For this step, we'll assume you have a PostgreSQL database set up with a table named `customer_data`. If you need to adjust the connection details or table name, you can do so in the code below.

```python
# Replace with your actual database URI
sql_connector = SQLConnector('postgresql://username:password@localhost:5432/mydatabase')

# Executing a SQL query to fetch data
query = "SELECT * FROM customer_data LIMIT 5"
df_sql = sql_connector.query_data(query)
print("Data from SQL Database:")
print(df_sql.head())
```

#### Step 3: Retrieve data from a JSON API using the API Connector.

For demonstration purposes, we'll assume you have access to an API endpoint.

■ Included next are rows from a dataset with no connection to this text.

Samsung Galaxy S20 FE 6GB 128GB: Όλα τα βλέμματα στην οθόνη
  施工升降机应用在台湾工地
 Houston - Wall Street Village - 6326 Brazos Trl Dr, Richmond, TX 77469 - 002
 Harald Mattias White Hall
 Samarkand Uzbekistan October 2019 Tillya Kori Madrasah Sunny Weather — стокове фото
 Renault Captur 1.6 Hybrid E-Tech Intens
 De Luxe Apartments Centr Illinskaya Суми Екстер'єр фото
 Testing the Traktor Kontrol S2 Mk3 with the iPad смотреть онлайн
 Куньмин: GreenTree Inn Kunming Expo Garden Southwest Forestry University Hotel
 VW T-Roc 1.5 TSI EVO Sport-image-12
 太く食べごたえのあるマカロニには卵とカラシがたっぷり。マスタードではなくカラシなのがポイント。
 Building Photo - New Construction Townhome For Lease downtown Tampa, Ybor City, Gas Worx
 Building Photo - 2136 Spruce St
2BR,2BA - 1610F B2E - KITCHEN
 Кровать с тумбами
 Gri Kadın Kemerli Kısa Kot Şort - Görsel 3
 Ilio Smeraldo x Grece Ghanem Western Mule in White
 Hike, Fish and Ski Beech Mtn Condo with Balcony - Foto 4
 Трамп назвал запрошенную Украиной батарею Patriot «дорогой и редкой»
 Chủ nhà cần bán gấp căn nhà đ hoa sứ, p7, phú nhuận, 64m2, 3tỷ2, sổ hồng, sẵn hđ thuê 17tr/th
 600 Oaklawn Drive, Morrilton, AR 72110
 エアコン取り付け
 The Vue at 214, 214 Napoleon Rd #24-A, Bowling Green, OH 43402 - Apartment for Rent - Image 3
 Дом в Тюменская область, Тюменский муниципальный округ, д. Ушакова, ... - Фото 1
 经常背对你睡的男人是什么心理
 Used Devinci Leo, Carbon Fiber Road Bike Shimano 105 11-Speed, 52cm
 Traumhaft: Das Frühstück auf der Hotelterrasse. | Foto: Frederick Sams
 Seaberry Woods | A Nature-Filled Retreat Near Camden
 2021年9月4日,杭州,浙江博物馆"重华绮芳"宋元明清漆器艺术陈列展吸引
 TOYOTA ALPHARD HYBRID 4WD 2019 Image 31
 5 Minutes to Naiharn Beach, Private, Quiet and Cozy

You can replace the URL and authentication details as needed.

```python
# Replace with the actual API base URL and authentication credentials
api_connector = APIConnector('https://api.example.com', auth=('username', 'password'))

# Fetching data from a specific endpoint
endpoint = 'data_endpoint'
response = api_connector.get(endpoint)

# Assuming the response is JSON and converting it to a DataFrame
df_api = pd.DataFrame(response.json())
print("Data from API:")
print(df_api.head())
```

#### Step 4: Integrate all these datasets using the Data Integrator.

```python
# Initialize the Data Integrator
integrator = DataIntegrator()

# Adding dataframes to the integrator
integrator.add_data(df_excel)
integrator.add_data(df_sql)
integrator.add_data(df_api)

# Assuming we want to concatenate the dataframes
combined_df = integrator.concatenate_data()
print("Combined Data:")
print(combined_df.head())

# Alternatively, if you need to merge the dataframes on a common key:
# combined_df = integrator.merge_data(on='common_key')
```

#### Challenge: Ensure that the integrated dataset is properly aligned and handle any inconsistencies in data formats or missing values.

```python
from dataanalysistoolkit.preprocessor import DataFormatter

# Initialize the Data Formatter
formatter = DataFormatter(combined_df)

# Standardize date formats
formatter.standardize_dates('date_column', date_format='%Y-%m-%d')

# Normalize numeric columns
numeric_columns = ['numeric_column1', 'numeric_column2']
formatter.normalize_numeric(numeric_columns)

# Categorize columns
category_columns = ['category_column1', 'category_column2']
formatter.categorize_columns(category_columns)

# Fill missing values
formatter.fill_missing_values('column_with_missing_data', fill_value=0)

print("Cleaned and Formatted Combined Data:")
print(combined_df.head())
```

This completes Exercise 1 in the Jupyter notebook. You have successfully integrated data from an Excel file, a SQL database, and a JSON API into a single DataFrame, then cleaned and formatted the data for further analysis.